Just before cooking the waffles, preheat oven to 200 degrees. Lightly beat the eggs, add to batter along with the baking soda and stir until well mixed. Spread about 3/4 cup batter across a very hot waffle iron. Bake the waffles until they are golden and crisp.

As each waffle is done, place directly on the rack of the oven for several minutes. This is not simply a way to hold the waffles until all are ready to serve, but an integral part of the recipe. The waffles will not remain crisp for more than two or three minutes without this process.

My notes:

  • This has not been tested in a standard waffle maker,
  • Most waffles freeze very well. Reheat in toaster, toaster oven or oven, directly on a rack.

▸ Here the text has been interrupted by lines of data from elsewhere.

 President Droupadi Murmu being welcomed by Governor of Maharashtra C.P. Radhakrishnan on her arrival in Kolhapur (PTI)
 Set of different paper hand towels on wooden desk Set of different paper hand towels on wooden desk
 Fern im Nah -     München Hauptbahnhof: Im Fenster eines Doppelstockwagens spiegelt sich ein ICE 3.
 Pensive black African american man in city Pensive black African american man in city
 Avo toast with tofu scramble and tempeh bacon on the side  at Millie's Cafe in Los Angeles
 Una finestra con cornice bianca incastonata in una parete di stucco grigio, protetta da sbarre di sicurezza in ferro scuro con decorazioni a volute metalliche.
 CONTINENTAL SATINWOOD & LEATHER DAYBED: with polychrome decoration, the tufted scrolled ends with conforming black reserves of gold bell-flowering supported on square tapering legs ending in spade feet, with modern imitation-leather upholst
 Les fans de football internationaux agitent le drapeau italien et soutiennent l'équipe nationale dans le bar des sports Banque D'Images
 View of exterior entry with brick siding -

from the kitchen of http://www.frugalhausfrau.com

26 thoughts on “Marion Cunningham’s Overnight Waffles (Belgian)”

    1. I had an old one that was my Grandma’s then my Mom’s, but it was a bit dangerous! Then years later, I had just a standard and it never made good waffles. I was always mad at it!

      Now I have a fancy turn model (they’ve come down in price) just because I love waffles!

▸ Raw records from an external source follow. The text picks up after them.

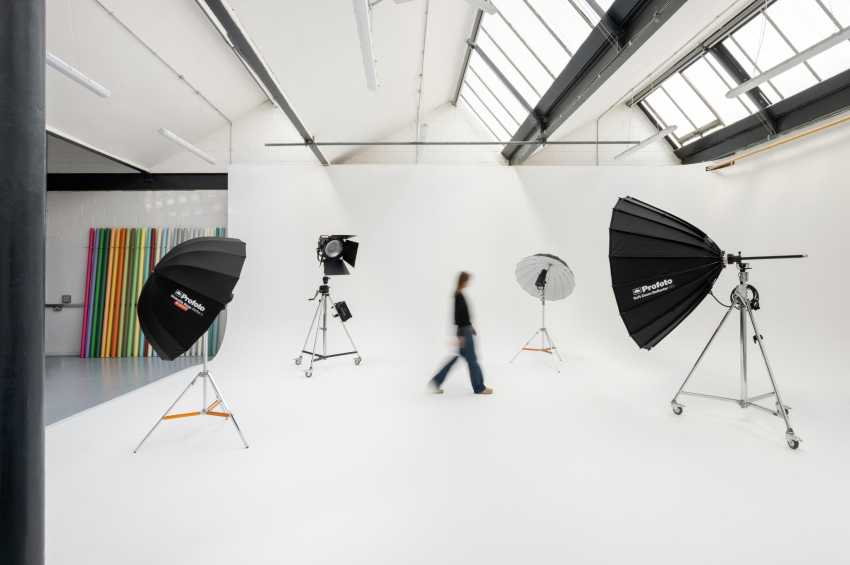 Photography studio with white walls, skylights, professional lighting rigs, and colorful backdrop panels.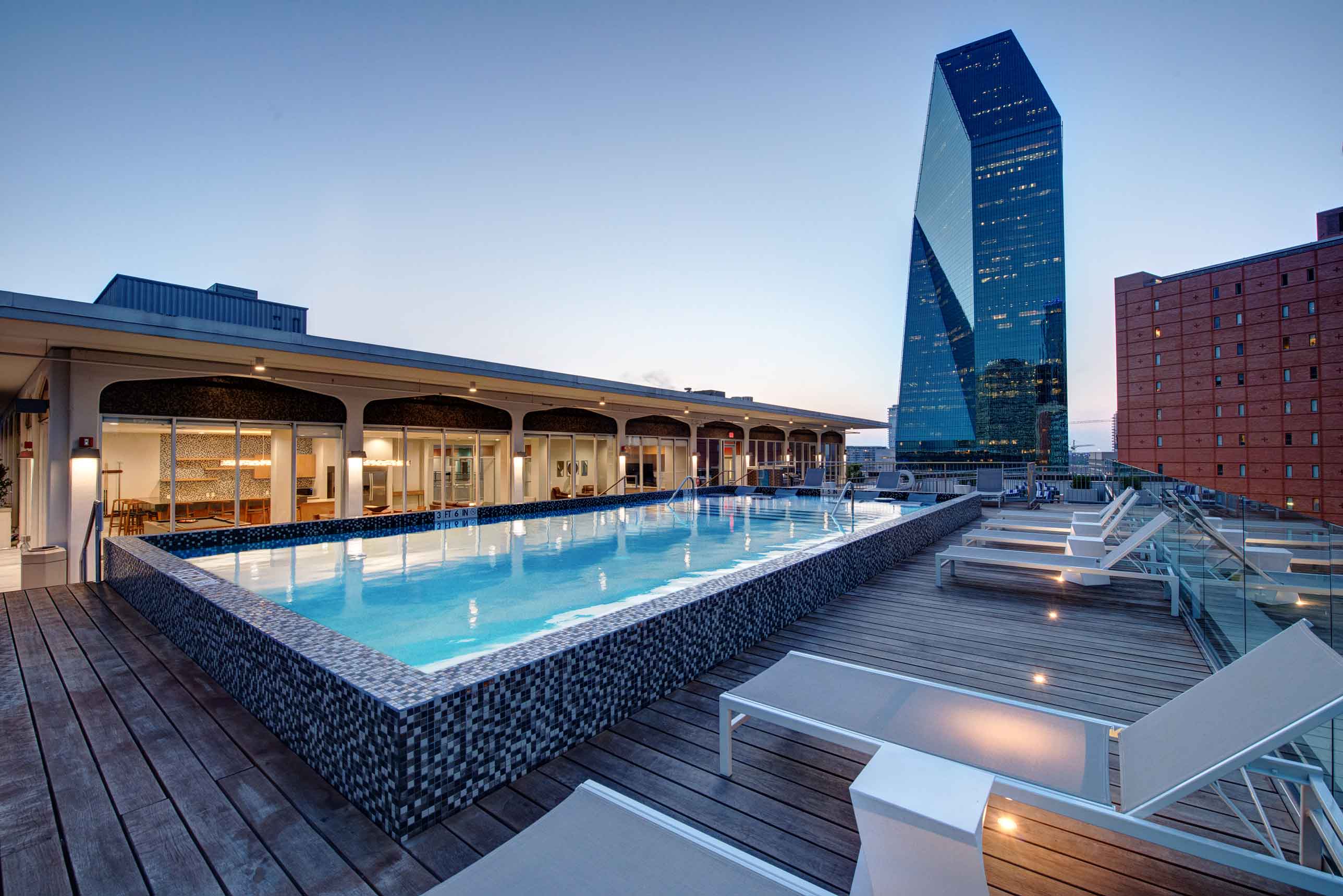 Modern elevated poolside view with a large high-rise building in the background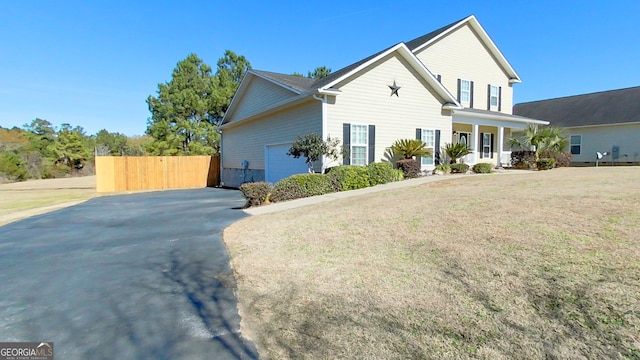 front facade featuring a garage and a front yard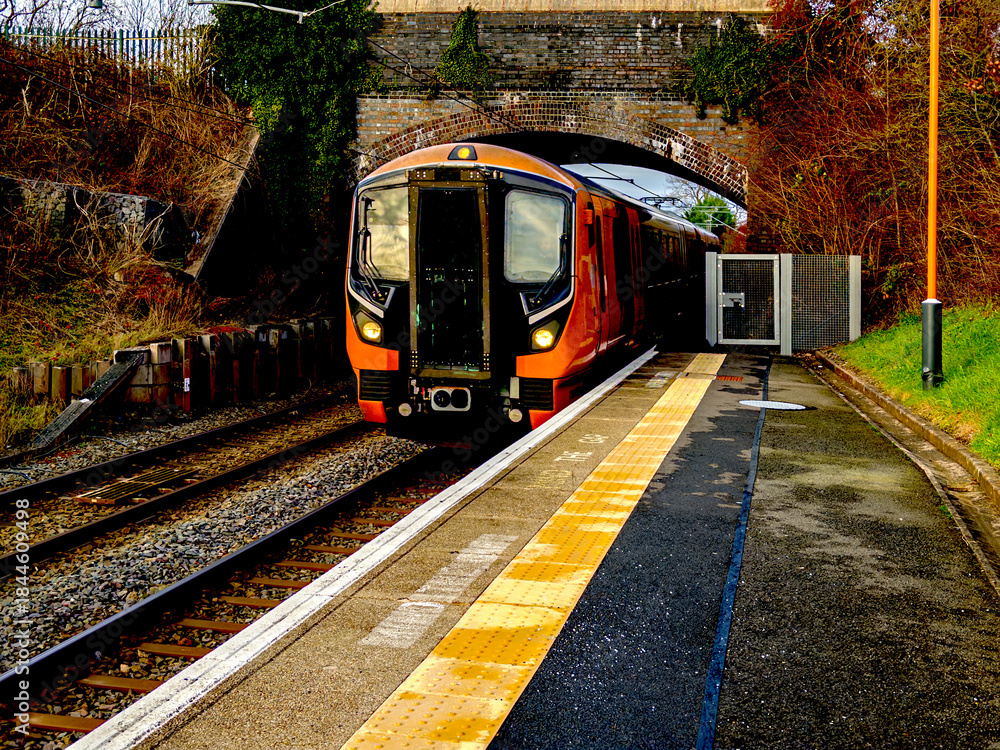 Fototapeta premium Electrified passenger suburban commuter railway ENGLAND UK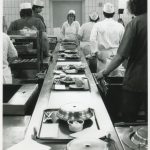 catering staff standing alongside conveyer belt loading trays with food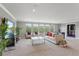 Bright living room with large windows, comfortable seating, and a foosball table at 1597 Katie Cv, Sanford, FL 32771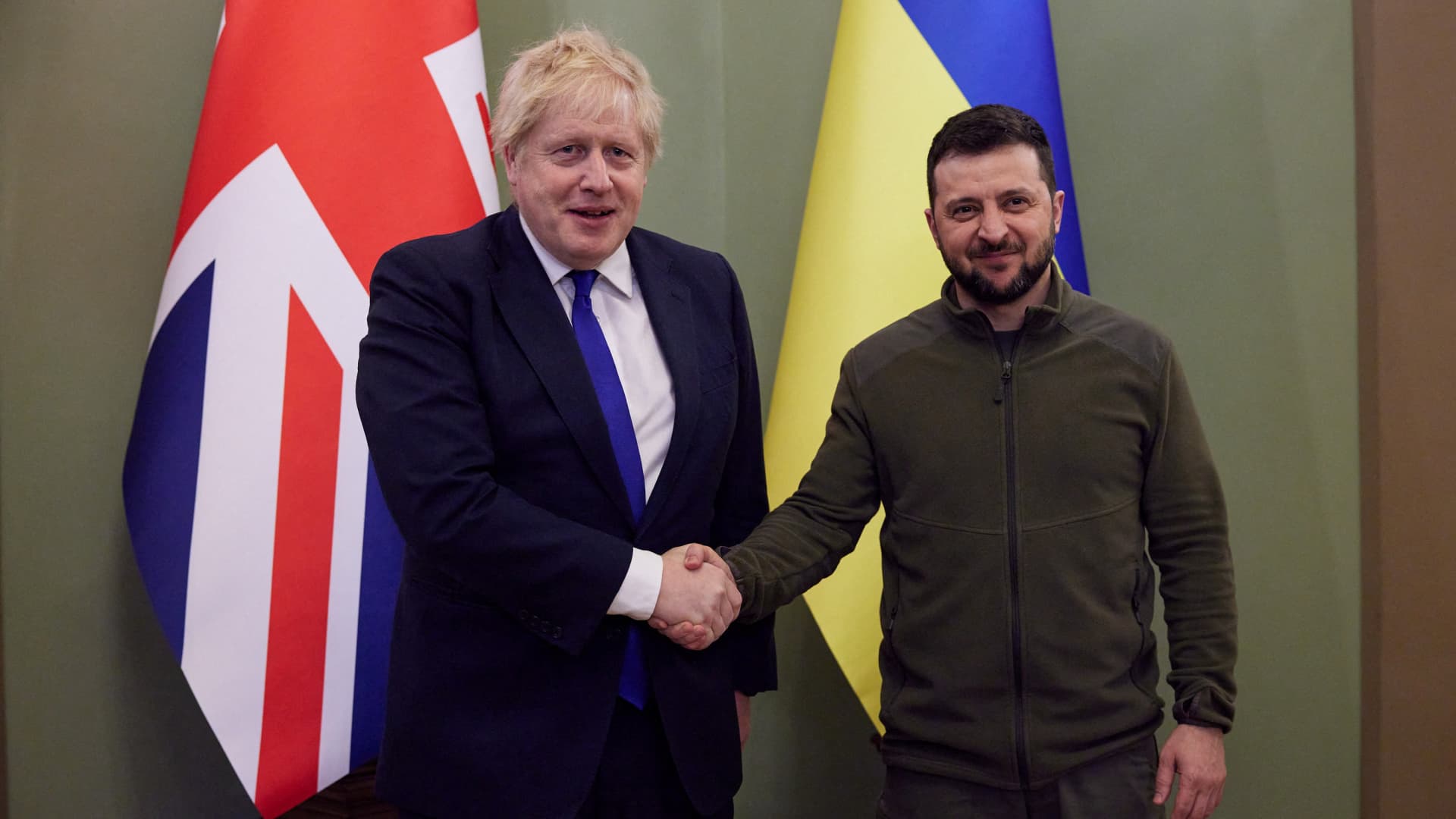Ukraine's President Volodymyr Zelenskiy and British Prime Minister Boris Johnson shake hands before a meeting, as Russia's attack on Ukraine continues, in Kyiv, Ukraine April 9, 2022. 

      I don’t have too many things in my kitchen that are highly specialized, but the waffle maker is one!

      1. Sorry for the mess of a post. I miss being able to edit after I’ve accidentally hit send. In any case, I inherited a reversible waffle iron/grill from my mom. The grill part works really well but I still haven’t got the hang of the waffle iron part … or it’s just not seasoned properly yet.

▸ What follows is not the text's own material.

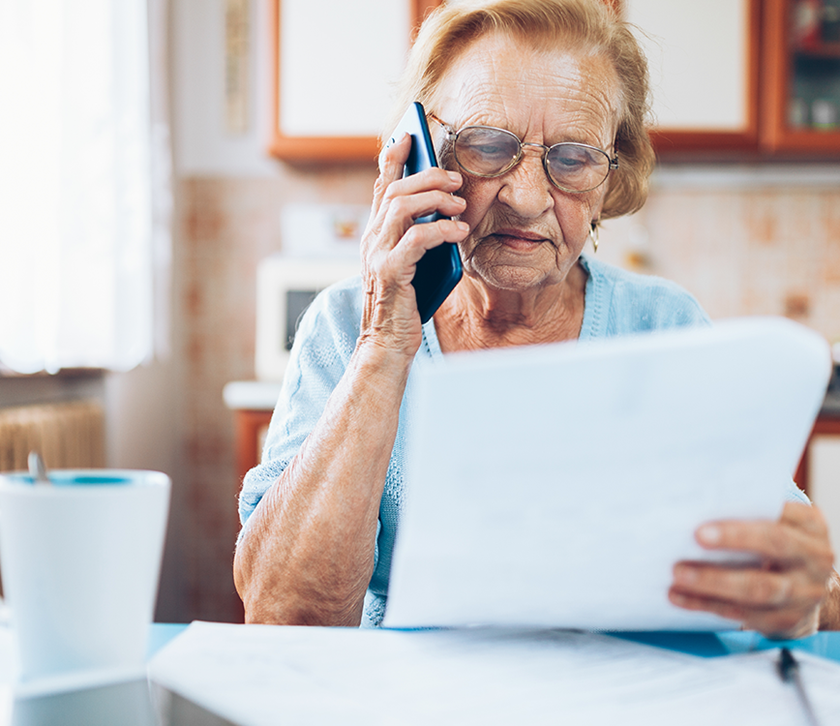Seniorin am Telefon mit Unterlagen vor sich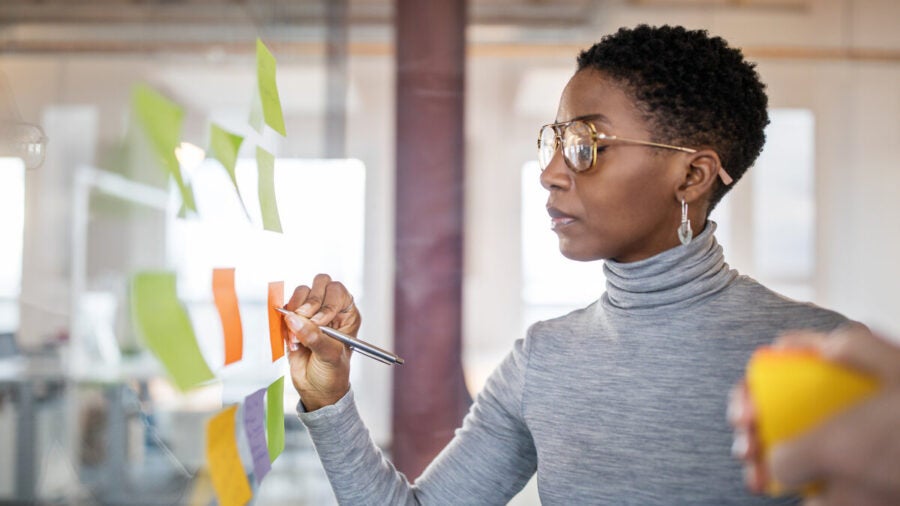 Confident mid adult businesswoman writing new ideas onto a adhesive note over a glass wall.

            1. I checked out your waffle maker, but didn’t comment there because I can’t remember my password for the live journal comments. This might help:

              Preheat longer than you’d think is necessary – until a few drops of water dance and sizzle away. Keep the lid down until the last second before you add the batter.

              Just before adding batter, give it a spritz of cooking spray. You shouldn’t need to do this after you’ve made a few batches.

              Use a waffle recipe, not a pancake one. Waffles typically (at least most of the good ones I’ve made) have a LOT more butter than pancakes, A LOT! Most are thicker, too, than pancakes. I have a good recipe if you’d like…*G*

              Last, make sure to cook them long enough. You have to rely on smell, too, to judge. That smell that tells you something is going to be crispy and delish! If you start to lift the lid and anything sticks, put the lid back down immediately. If it sticks as the top lid is lifted, it will likely be sticking on the bottom, too.

              As soon as the first is out, put the lid back down to reheat. Give it a moment or two before adding the batter for the next waffle.

              Hope that helps! And happy waffling!

              1. Thank you for the advice. I’d definitely be interested in your waffle recipe. Maybe I’ll give them a try this weekend. I’ve been brushing the hot waffle iron plates with vegetable oil in the past but still got sticking. I think I’ve got the timing close … around 4 minutes.

  1. They look amazing! Incidentally, we had a bit of a waffles overdose yesterday – two hours waiting time in Brussels for our Eurostar connection, with only waffles or Belgian chocolates for company … bliss …
    Must try this recipe, it looks amazing!

    1. I am sure they are quite different than actual Belgian waffles, but then there’s an idea! 🙂 It doesn’t sound like too bad of a layover! 🙂

      I had a friend who was stuck as a teenager on the way to Greece, for hours, a student exchange thing. They were fed Feta and Olives, neither of which had tasted before and wasn’t able to embrace and to this day, she still doesn’t like Greek food!